For no Solution these two lines(equations) shud become parallel to each other,multiply their slopes and equate that to 1
m1*m2=1

Answer 4

And find k

Answer 5

kx + 3y = 12x + ky

kx + 3y
-12x - ky
---------------
(k-12)x + (3-k)y = 0


umm, if they have the same slope, them m1*m2 will not equate to 1 in general will it?

Answer 6

oh,i forgot the condition for parallel lines.m1=m2

Answer 7

right? @amistre64

Answer 8

em nt ggttng d answer guyzzzzz

Answer 9

yes :) or to use your vernacular \(m_1*m_2^{-1}=1\) :)

Answer 10

what have you tried?

Answer 11

kx + 3y
-12x - ky
---------------
(k-12)x + (3-k)y = 0

Answer 12

after dt???????////

Answer 13

cn u plzzz show it after dt i will telll where i went wrong

Answer 14

just an idea; but another might to be to determine when they are both equal to each other

kx+3y-k+3 = 12x+ky -k

kx-k = 12x -3y -3 +ky -k

kx-k -ky +k = 12x -3y -3

k(x -1 -y +1) = 12x -3y -3

\[ k=\frac{12x -3y -3}{x-y}\]

Answer 15

m1=-k/3, m2=-12/k Find thier slopes by differentiating(its easy)
-k/3=-12/k
k^2=36
k=+ or - 6

Answer 16

we are allowed to use calculus? hmmm.....

Answer 17

im thinking matrix linear algebra stuff in the end :)

Answer 18

thx guyzzzzzzzzzz

Answer 19

first re-arrange both equation in slope-intercept form to get:\[y=-\frac{kx}{3}+\frac{k-3}{3}\tag{1}\]and:\[y=-\frac{12x}{k}+1\tag{2}\]now, for no solutions, both lines must have the same slope but different y-intercepts.
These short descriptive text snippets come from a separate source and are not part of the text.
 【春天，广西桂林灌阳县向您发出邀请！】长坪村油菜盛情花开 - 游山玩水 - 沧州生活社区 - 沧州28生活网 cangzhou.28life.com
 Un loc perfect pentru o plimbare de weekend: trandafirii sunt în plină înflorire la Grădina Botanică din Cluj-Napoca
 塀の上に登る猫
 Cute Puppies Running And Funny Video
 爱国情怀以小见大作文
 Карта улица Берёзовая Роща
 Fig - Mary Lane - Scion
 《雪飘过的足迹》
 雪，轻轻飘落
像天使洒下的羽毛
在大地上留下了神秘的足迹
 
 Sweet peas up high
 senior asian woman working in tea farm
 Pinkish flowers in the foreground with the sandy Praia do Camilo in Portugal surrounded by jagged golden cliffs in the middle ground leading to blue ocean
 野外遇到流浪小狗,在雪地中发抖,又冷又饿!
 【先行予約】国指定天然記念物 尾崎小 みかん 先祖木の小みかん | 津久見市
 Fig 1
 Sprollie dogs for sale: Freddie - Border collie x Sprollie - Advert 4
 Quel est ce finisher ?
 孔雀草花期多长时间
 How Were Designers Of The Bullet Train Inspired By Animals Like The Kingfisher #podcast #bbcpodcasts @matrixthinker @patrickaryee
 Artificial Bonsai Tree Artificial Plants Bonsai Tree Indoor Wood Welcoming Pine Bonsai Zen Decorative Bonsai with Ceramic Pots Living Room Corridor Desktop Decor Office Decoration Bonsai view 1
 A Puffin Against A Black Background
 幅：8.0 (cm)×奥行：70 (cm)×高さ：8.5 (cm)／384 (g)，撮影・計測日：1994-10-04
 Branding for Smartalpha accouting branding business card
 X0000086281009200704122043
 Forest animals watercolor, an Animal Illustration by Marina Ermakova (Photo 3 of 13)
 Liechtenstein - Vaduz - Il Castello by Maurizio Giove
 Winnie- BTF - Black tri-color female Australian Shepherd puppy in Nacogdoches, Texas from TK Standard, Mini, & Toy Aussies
If they had the same y-intercept then there are an infinite number of solutions.
so, with these conditions we get:\[-\frac{k}{3}=-\frac{12}{k}\implies k^2=36\implies k=\pm6\tag{3}\]and:\[\frac{k-3}{3}\ne1\implies k-3\ne3\implies k\ne 6\tag{4}\]now combine the results of (3) and (4) to find the answer.